Survey Data

Reg No

11903604


Rating

Regional


Categories of Special Interest

Archaeological, Architectural, Artistic, Historical, Social


Original Use

Church/chapel


In Use As

Church/chapel


Date

1735 - 1740


Coordinates

280085, 193247


Date Recorded

24/10/2002


Date Updated

--/--/--


Description

Detached two-bay double-height Church of Ireland church, built 1738, originally single-cell. Renovated, c.1815, with single-bay three-stage sandstone entrance tower added to east. Extended, c.1823, comprising single-bay double-height lower chancel to east.

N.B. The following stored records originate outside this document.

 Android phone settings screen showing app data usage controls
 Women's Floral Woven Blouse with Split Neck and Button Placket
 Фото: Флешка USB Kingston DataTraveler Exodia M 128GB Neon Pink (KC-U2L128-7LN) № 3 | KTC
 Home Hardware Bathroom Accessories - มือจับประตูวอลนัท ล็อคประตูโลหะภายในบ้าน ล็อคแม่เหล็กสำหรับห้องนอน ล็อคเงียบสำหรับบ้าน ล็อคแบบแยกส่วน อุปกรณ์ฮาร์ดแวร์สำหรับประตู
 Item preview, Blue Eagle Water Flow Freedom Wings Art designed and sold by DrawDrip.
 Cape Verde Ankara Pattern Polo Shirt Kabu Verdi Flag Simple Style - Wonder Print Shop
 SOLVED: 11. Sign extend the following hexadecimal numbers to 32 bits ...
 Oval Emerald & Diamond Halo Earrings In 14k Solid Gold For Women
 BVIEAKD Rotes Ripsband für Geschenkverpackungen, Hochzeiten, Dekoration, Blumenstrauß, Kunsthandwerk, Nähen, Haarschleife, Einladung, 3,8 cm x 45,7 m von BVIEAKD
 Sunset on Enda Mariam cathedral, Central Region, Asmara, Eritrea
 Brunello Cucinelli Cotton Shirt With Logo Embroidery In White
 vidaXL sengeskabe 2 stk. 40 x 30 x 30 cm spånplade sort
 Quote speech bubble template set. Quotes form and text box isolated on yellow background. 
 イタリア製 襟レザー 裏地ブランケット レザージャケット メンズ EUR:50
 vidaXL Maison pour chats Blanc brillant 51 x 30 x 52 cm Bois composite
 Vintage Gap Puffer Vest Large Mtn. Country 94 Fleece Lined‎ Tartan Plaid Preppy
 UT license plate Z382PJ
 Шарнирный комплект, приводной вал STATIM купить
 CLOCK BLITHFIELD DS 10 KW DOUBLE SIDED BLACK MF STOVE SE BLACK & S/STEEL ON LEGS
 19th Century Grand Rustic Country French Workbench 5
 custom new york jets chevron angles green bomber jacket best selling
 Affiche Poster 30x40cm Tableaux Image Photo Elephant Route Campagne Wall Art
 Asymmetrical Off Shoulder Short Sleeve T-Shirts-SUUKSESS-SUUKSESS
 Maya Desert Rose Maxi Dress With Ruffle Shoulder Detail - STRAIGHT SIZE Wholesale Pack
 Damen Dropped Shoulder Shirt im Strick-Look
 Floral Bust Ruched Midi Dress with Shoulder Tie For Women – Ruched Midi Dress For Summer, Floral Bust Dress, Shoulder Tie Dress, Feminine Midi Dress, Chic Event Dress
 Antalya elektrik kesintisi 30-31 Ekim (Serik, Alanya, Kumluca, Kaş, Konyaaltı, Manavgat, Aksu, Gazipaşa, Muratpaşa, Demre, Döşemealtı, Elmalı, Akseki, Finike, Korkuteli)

Renovated, c.1975, with entrance tower truncated to accommodate use as single-bay double-height gabled projecting porch with bellcote to gable. Reroofed, 1997. Gable-ended roofs. Replacement slate, 1997. Concrete ridge tiles. Cut-stone coping to gables. Rendered chimney stack to gable to east. Cut-stone bellcote to gable to porch. Cast-iron rainwater goods. Roughcast walls. Unpainted. Cut-sandstone walls to porch. Cut-stone date stone. Cut-stone stringcourse to gable. Segmental-headed window openings to nave. Stone sills. Block-and-start surrounds. Fixed-pane timber diamond-leaded windows. Lancet-arch window openings to chancel. Cut-stone traceried window opening with fixed-pane windows. Stone sills to flanking window openings. Block-and-start surrounds. Timber sash windows. Lancet-arch openings to porch. Chamfered stone sills. Hood mouldings over. Fixed-pane windows. Timber panelled door. Timber panelled overpanel. Interior with cut-granite sarcophagus, c.1250, to porch. Full-height nave. Timber pews. Timber panelled Gothic-style gallery to first floor to west approached by carved timber staircase. Timber boarded ceiling with timber beams on decorative timber consoles. Lancet-arch to chancel. Set back from road in own grounds.

Appraisal

Saint Mullin's Church is a fine and very well maintained mid-Georgian modest-scale church that retains much of its early character, despite continuous alterations over subsequent centuries. The church was built on the site of earlier churches associated with Saint Mullin's monastery and is therefore of social and historic importance for continuing an ecclesiastical presence in the area. The nave of the church is attractive and simple, if austere, in design and is complemented by the later additions of the tower and chancel. Although truncated the tower, now a porch, is still a pleasing addition and is built of fine stone work, testifying to the fine stone masonry practised in the locality. Important surviving early features include the fenestration and the interior fittings including much of the carved timber furniture. Also of interest in the interior is the thirteenth-century sarcophagus, which is of archaeological importance and which is in excellent condition. The stained glass fenestration, of German origin, is of artistic significance, as are many of the cut-stone grave markers to the attractive graveyard in which the church is set - many of the burial plots belong to important landowners in the region.